Make Anthropic structured extraction reliable + classify None failures

claude · claude · commit 3426cff157b7 · 2026-04-28T02:37:41.000Z
doc_extract_query_task with anthropic:claude-sonnet-4-6 was failing ~85% of cells on the LegalBench-RAG benchmark with the canonical "extraction returned None" message. The captured Datacell.llm_call_log showed Claude's last assistant message was always text + tool_use parts and never a final structured response — pydantic-ai's structured-response runner treated this as no result and returned None. The same prompts on gpt-4o-mini / gpt-4o produced 0-3% failure rate. Three coordinated changes: 1. Strengthen the structured-extraction system prompt (all three _build_structured_system_prompt overrides in pydantic_ai_agents.py) to explicitly tell the agent it MUST commit to the final structured response by calling the result tool after gathering information. Wording is universal — harmless for OpenAI, necessary for Claude. 2. Pass output_retries=3 to PydanticAIAgent for structured runs (was pydantic-ai's default of 1) so the loop has room to retry the final-result tool call when the model fails to commit on the first pass. Add an _is_anthropic_model() helper and force temperature=0 for structured runs against Anthropic models when the caller did not pin a temperature — Claude is reluctant to commit at non-zero temperatures. 3. Classify why doc_extract_query_task got None back, instead of reporting a single ambiguous error. New _classify_none_result() helper inspects the captured pydantic-ai message log and returns one of agent_committed_none (legitimate), no_final_response (integration failure — the canonical Anthropic mode), tool_loop_no_output (integration failure), or unknown. The Datacell.stacktrace records failure_mode=<classification> plus a human-readable message, so operators can grep failure_mode= to separate "data not present" outcomes from pipeline bugs. Closes #1381
diff --git a/CHANGELOG.md b/CHANGELOG.md
@@ -9,6 +9,10 @@ and this project adheres to [Semantic Versioning](https://semver.org/spec/v2.0.0
 
 ### Fixed
 
+- **Anthropic models silently fail in `doc_extract_query_task`** (Issue #1381): When `doc_extract_query_task` was run with an Anthropic / Claude model, ~85% of cells failed with the canonical "extraction returned None — the requested information may not be present" message even though the document contained the answer. Inspecting `Datacell.llm_call_log` for failed cells showed Claude's last assistant message was always `text` + `tool_use` parts, never a final structured response — pydantic-ai's structured-response runner treated this as no result and returned `None`. The error message conflated three distinct outcomes ("agent committed to None", "agent never produced a final structured response", "agent looped on the same tool call") under one ambiguous string. Three coordinated changes:
+  - **`opencontractserver/llms/agents/pydantic_ai_agents.py`** — All three `_build_structured_system_prompt` overrides (`PydanticAICoreAgent` line 491, `PydanticAIDocumentAgent` line 1971, `PydanticAICorpusAgent` line 2476) now explicitly tell the agent that **after gathering enough information from the tools, it MUST commit to the final structured response by calling the result tool**. Wording is universal — harmless for OpenAI and necessary for Claude. `_structured_response_raw` (line 1321) now passes `output_retries=STRUCTURED_OUTPUT_RETRIES` (=3) to `PydanticAIAgent` so pydantic-ai retries the final-result tool call when the model fails to commit on the first pass. New `_is_anthropic_model()` helper detects `anthropic:` prefix or bare `claude` substring; when an Anthropic model is used and the caller did not pin a temperature, structured runs force `temperature=0` (Claude is already reluctant to commit; non-zero temperature pushes it toward more exploratory text).

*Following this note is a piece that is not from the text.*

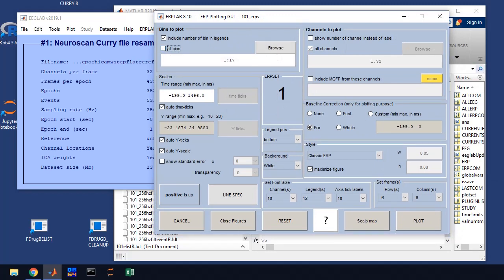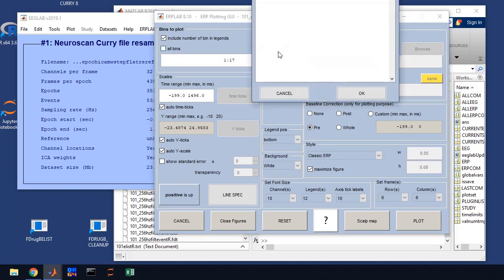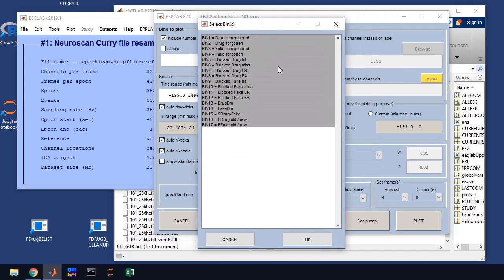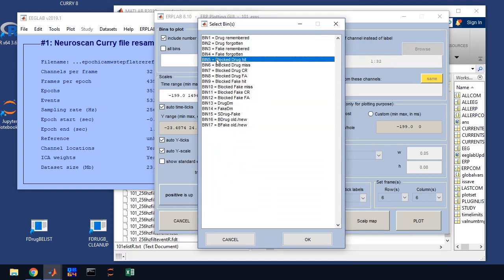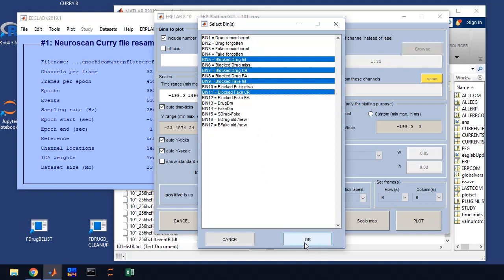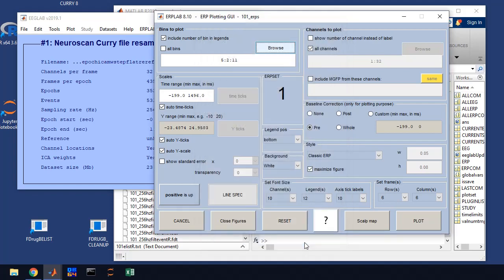You'll get this window that will come up. First thing is, we're going to select, we're not going to plot all of the bins, you won't be able to see anything. So we're going to select the bins and this is specified in the protocol. So I'm just going to have you do five and seven, and then nine and 11. So basically it's hits versus correct rejections for drugs, hits versus correct rejections for fake drugs in this study.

+  - **`opencontractserver/tasks/data_extract_tasks.py`** — New `_classify_none_result(messages)` helper inspects the captured pydantic-ai message log and returns one of `agent_committed_none` (a `final_result*` tool call appears — legitimate "data not present"), `no_final_response` (no `final_result*` anywhere — pipeline integration failure), `tool_loop_no_output` (same tool call repeated ≥ 3× without final — pipeline bug), or `unknown`. The `Datacell.stacktrace` now records `failure_mode=<classification>` plus a human-readable message (the integration-failure variants reference issue #1381) so operators can `grep failure_mode=` to separate legitimate "not present" outcomes from pipeline bugs.
+  - **`opencontractserver/tests/test_data_extract_failure_classification.py`** — New `SimpleTestCase` suite covering the classifier (empty input, `final_result` detection, `final_result_<TypeName>` suffix variants, no-tool-calls path, tool-call-without-final path, repeated-call loop detection, loop-then-commit precedence, mixed text + tool path) and `_is_anthropic_model` (prefix, bare-name, OpenAI / `gpt-4` / `o1` rejection, empty/None).
 - **Merged `frontend` Codecov flag drops to ~33% on every commit where Frontend CI's CT job fails** (`frontend/package.json` `test:coverage:ct`): the script chained `playwright test ... && mkdir -p ... && nyc report ...`, so a failing CT run short-circuited before `nyc report` could turn the per-test JSON files in `.nyc_output` into an `lcov.info`. The downstream `Upload CT Coverage to Codecov` step (`if: success() || failure()`) then errored with "No coverage reports found" and `frontend-component` did not upload for that SHA. Codecov's server-side aggregation of the `frontend` flag was left with only `frontend-unit` (~23%) and `frontend-e2e` (~24%), pulling the merged number down to ~33% even though the previous commit was at ~67% — observed on six consecutive main commits 2026-04-26T01:02..02:58Z (`2d7033f8`..`be5bcfc8`) before recovering on `30298391`. Mirrored the existing `test:e2e:coverage` pattern (`; CT_EXIT=$?; nyc report ... || echo "No coverage data to report"; exit $CT_EXIT`) so `nyc report` runs regardless of test outcome and the lcov ships even on red CT runs. `frontend-component` will still report a slightly lower number when tests fail (failed tests register fewer hits), but it will report — keeping the merged `frontend` flag's denominator stable.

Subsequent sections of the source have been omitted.